> _WHAT IS NEEDED_
Set down the entries below exactly; drop the pictures.

((

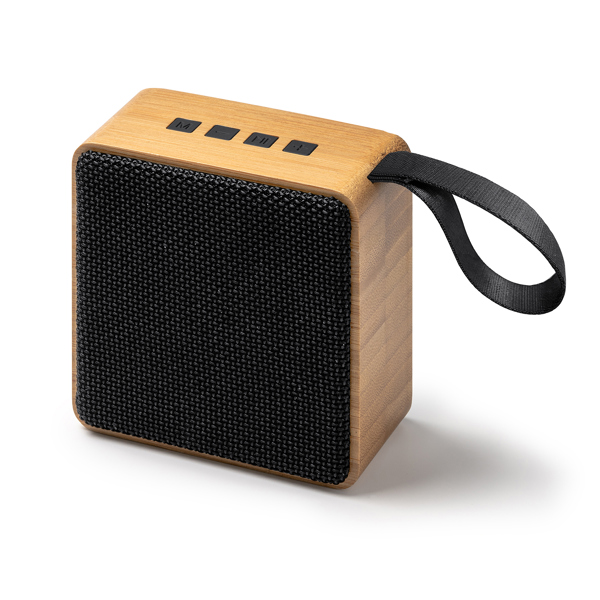 Wireless speaker with main structure in bamboo and RPET fabric.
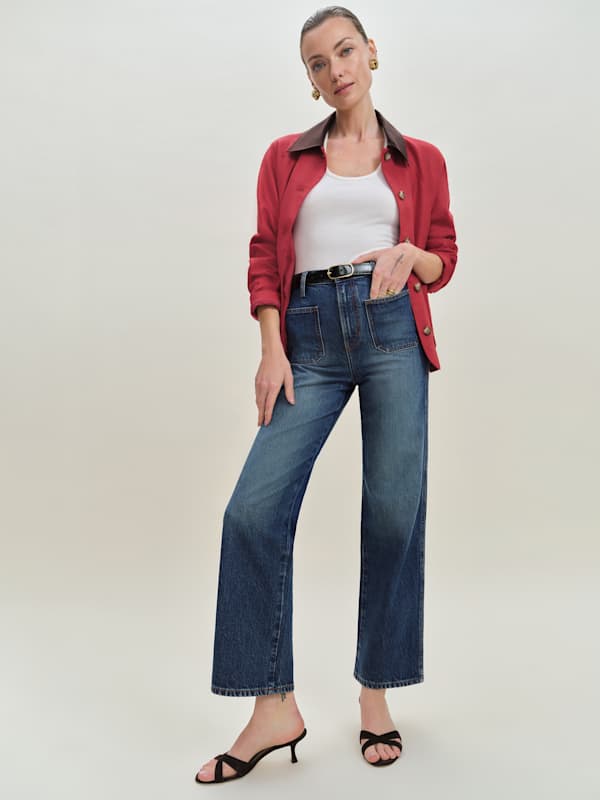 Alyssa Stretch High Rise Wide Leg Cropped Jeans - Mellusine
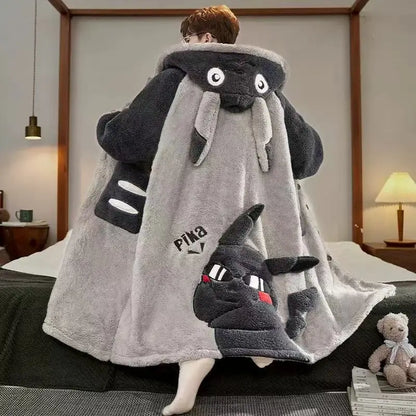 Gengar Pokemon Pajamas Set — Men’s Large Winter Coral Fleece Hooded Nightgown, Thick Warm Anime Home Suit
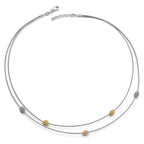 Sterling Silver Yellow & Rose-tone Mesh w/1in ext. Necklace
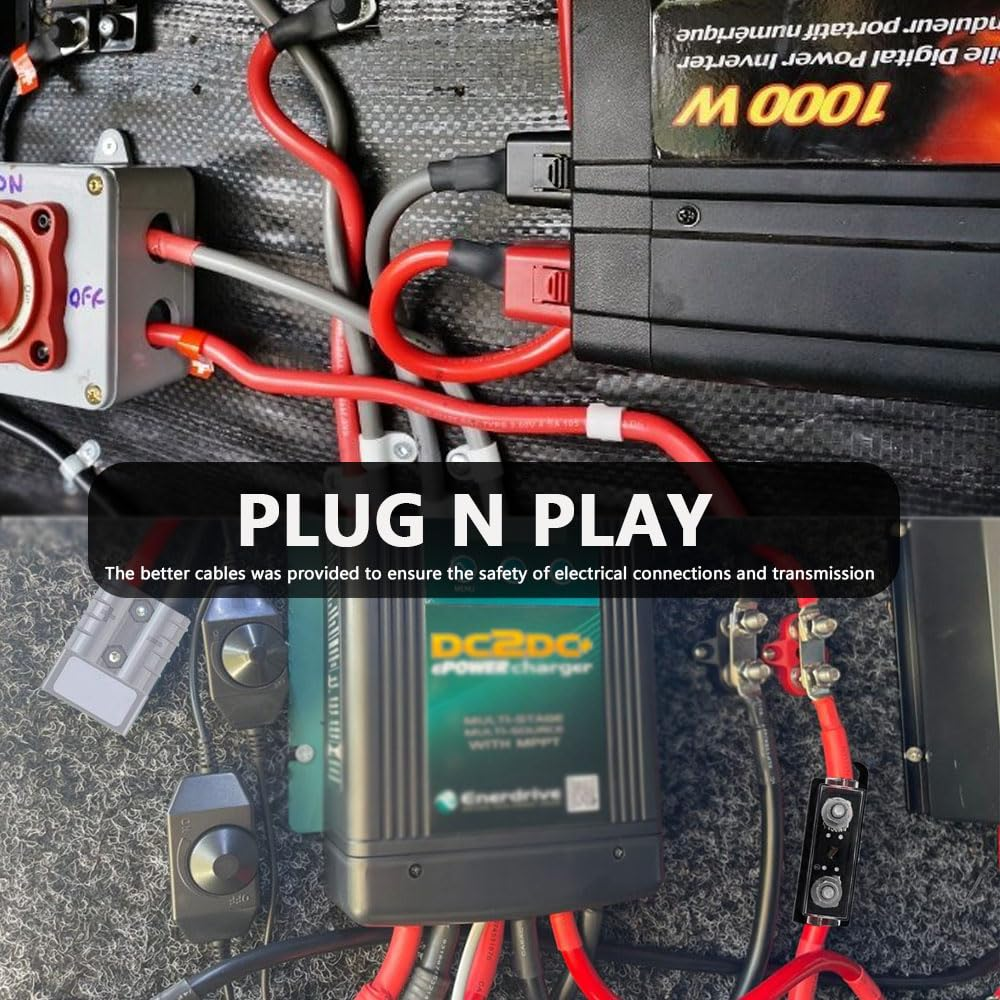 Ultra Soft 6AWG 50A Anderson Connector to Battery Terminal Cable,30Cm for Tractors Trailers,Solar,Rv,Battery Box (Ad-8Mm Eyelets-2Cable)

))

> _EXERCISE SOLUTION_
 Wireless speaker with main structure in bamboo and RPET fabric.
 Alyssa Stretch High Rise Wide Leg Cropped Jeans - Mellusine
 Gengar Pokemon Pajamas Set — Men’s Large Winter Coral Fleece Hooded Nightgown, Thick Warm Anime Home Suit
 Sterling Silver Yellow & Rose-tone Mesh w/1in ext. Necklace
 Ultra Soft 6AWG 50A Anderson Connector to Battery Terminal Cable,30Cm for Tractors Trailers,Solar,Rv,Battery Box (Ad-8Mm Eyelets-2Cable)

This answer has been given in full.